**Task:** Among the records below, how many lines contain "company"? State the number and nothing more.

(Records from a dataset)

BEGIN

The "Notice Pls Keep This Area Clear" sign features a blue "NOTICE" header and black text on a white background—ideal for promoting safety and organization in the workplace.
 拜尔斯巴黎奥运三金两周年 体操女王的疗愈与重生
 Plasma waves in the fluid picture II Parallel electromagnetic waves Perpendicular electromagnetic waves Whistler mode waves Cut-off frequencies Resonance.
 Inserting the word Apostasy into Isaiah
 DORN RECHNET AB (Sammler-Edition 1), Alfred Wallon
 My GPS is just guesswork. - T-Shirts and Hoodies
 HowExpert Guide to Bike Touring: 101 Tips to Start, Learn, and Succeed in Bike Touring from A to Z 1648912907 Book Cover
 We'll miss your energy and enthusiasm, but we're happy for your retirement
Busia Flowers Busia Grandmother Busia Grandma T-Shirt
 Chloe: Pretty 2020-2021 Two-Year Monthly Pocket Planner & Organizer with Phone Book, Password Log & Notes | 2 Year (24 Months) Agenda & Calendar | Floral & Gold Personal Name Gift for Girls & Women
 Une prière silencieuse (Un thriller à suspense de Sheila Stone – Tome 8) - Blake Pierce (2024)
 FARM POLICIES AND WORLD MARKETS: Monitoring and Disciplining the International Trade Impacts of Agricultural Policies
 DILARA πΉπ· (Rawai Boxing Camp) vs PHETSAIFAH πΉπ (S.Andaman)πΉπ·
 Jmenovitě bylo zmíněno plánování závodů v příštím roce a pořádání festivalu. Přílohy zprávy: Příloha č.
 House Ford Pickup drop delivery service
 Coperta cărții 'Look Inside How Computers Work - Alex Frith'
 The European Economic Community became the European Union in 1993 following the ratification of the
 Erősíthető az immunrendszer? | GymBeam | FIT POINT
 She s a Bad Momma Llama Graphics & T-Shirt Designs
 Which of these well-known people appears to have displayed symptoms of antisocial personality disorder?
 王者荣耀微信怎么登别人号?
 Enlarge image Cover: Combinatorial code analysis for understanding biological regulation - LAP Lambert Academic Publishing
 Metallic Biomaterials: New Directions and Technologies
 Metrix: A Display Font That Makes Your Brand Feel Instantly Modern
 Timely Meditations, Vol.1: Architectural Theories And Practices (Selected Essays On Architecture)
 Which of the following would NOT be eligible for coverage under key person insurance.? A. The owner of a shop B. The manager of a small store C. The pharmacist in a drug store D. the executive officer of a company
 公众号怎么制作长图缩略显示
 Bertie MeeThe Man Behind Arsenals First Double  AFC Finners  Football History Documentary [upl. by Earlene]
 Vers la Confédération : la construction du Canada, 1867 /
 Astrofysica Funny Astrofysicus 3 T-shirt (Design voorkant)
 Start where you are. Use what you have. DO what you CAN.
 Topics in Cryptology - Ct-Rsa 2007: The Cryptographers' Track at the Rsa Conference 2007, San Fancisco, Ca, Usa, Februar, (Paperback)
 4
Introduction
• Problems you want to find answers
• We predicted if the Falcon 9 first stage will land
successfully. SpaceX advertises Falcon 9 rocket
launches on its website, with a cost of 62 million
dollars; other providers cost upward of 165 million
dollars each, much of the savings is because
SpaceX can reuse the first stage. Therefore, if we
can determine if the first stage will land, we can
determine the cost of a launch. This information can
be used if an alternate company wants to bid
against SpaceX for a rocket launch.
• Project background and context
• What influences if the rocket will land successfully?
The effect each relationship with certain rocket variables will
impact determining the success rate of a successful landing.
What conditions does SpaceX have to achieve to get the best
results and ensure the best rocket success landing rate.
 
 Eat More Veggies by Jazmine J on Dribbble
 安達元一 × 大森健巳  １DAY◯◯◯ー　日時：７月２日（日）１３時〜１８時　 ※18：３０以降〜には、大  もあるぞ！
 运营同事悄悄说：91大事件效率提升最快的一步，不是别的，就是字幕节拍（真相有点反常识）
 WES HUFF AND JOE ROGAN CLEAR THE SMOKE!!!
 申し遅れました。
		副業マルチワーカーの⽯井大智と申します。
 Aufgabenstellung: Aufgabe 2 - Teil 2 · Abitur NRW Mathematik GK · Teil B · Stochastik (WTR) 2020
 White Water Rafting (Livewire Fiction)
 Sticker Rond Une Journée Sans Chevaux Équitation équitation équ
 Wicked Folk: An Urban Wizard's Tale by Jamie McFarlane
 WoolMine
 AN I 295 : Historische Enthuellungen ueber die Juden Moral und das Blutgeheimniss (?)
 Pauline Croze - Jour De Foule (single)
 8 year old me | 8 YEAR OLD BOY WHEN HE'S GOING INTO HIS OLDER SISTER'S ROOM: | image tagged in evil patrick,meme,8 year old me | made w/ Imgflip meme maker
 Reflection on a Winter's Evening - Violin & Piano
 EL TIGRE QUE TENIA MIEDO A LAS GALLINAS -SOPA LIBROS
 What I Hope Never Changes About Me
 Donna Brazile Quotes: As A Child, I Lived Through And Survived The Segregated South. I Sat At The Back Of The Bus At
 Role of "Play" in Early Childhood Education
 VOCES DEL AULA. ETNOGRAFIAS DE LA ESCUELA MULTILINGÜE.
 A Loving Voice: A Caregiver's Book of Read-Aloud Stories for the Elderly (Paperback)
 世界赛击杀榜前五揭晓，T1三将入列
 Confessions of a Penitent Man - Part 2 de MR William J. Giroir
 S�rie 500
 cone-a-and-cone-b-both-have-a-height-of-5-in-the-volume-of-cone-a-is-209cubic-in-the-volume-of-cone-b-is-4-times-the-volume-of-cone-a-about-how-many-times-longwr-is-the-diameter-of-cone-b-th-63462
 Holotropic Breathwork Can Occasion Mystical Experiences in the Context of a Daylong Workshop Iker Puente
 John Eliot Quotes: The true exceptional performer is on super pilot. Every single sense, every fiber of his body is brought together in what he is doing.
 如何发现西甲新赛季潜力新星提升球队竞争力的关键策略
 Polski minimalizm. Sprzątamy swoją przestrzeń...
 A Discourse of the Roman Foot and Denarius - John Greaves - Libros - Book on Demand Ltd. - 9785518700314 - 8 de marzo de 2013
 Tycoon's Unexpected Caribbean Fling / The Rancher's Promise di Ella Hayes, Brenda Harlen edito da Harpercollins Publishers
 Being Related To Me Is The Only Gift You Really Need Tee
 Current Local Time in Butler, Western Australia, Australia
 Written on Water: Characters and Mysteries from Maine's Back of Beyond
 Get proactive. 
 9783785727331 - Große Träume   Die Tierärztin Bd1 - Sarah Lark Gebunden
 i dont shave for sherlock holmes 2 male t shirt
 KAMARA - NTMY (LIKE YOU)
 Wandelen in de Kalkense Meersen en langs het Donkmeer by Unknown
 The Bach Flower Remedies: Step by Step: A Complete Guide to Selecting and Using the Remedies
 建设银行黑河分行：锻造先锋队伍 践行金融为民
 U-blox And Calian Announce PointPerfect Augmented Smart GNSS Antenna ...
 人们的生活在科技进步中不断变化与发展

END

**Result of this task:** 2